Genes y cultura
Los biólogos han explicado convincentemente que somos genes y cultura. Pero ahora un prestigioso psicólogo americano, Steven Pinker, en su best-seller La tabla rasa, nos explica prolijamente que somos mucho más capital genético que modelización cultural. Lombroso no ha muerto y se nos insiste ahora, ante el puzzle del genoma, en que el asesino psicópata no puede ser reeducado y que cuando salga de la cárcel volverá a matar. Es decir, es un enfermo genético, como quien hereda una tara biológica (Zola ha regresado por la puerta grande).

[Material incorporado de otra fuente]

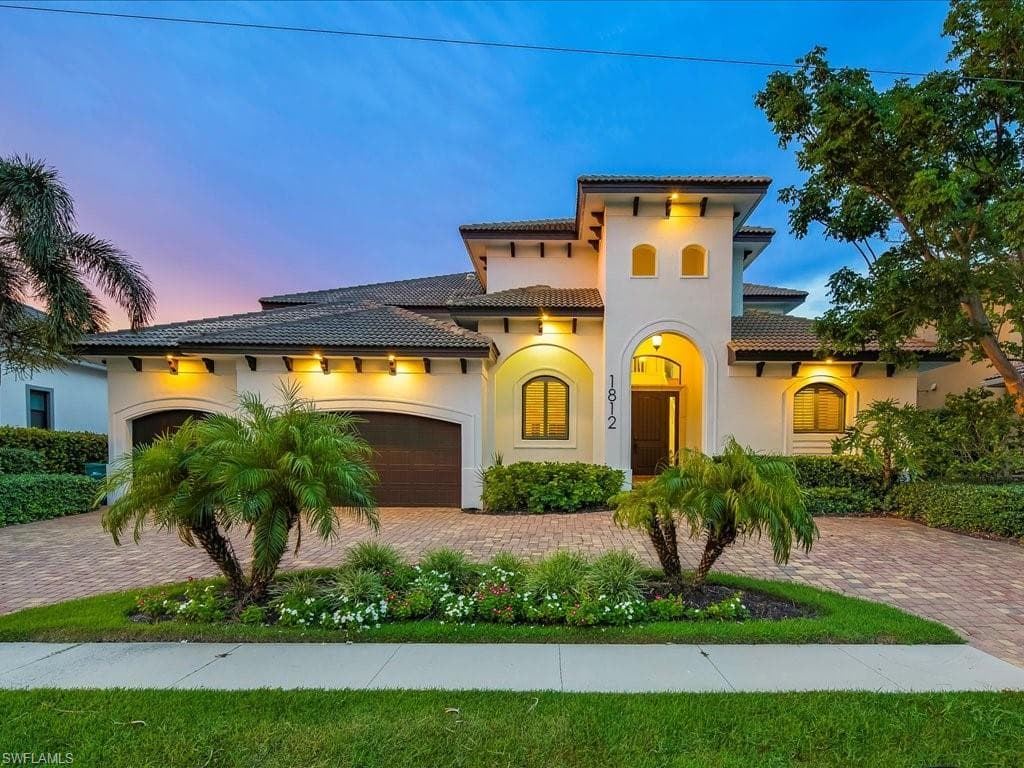 1812 Maywood Ct, Marco Island, FL 34145-1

Pero cuando pensamos en el proceso que humanizó al simio, vemos que este salto fue producto de un cambio de comportamientos (¿podemos llamarlo cultura?), que a su vez modificó su morfología. Faustino Cordón lo explicó mejor que yo pueda hacerlo en un hermoso libro elocuentemente titulado Cocinar hizo al hombre. Para esto han inventado los biólogos el concepto de coevolución, el bucle sin fin que ata la cultura a la fisiología, para que avancen hermanadas a lo largo de la cadena de la evolución.
No seré yo quien minimice la importancia de los genes en nuestra conducta, pero si brinco de los ancestros simios en la sabana a la historia política, constato que hemos evolucionado del esclavismo de masas en la sociedad faraónica a nuestra imperfecta democracia actual. Es un salto de gigante que no puedo atribuir a los genes, sino a la evolución intelectual y cultural, al debate de ideas, aunque también a las guerras y revoluciones. Vivimos en un mundo muy imperfecto, pero mejor que el de los viejos déspotas teocráticos. Y ese cambio es una mutación cultural, no un salto genético, que hace sentirme esperanzado ante nuestros debates culturales.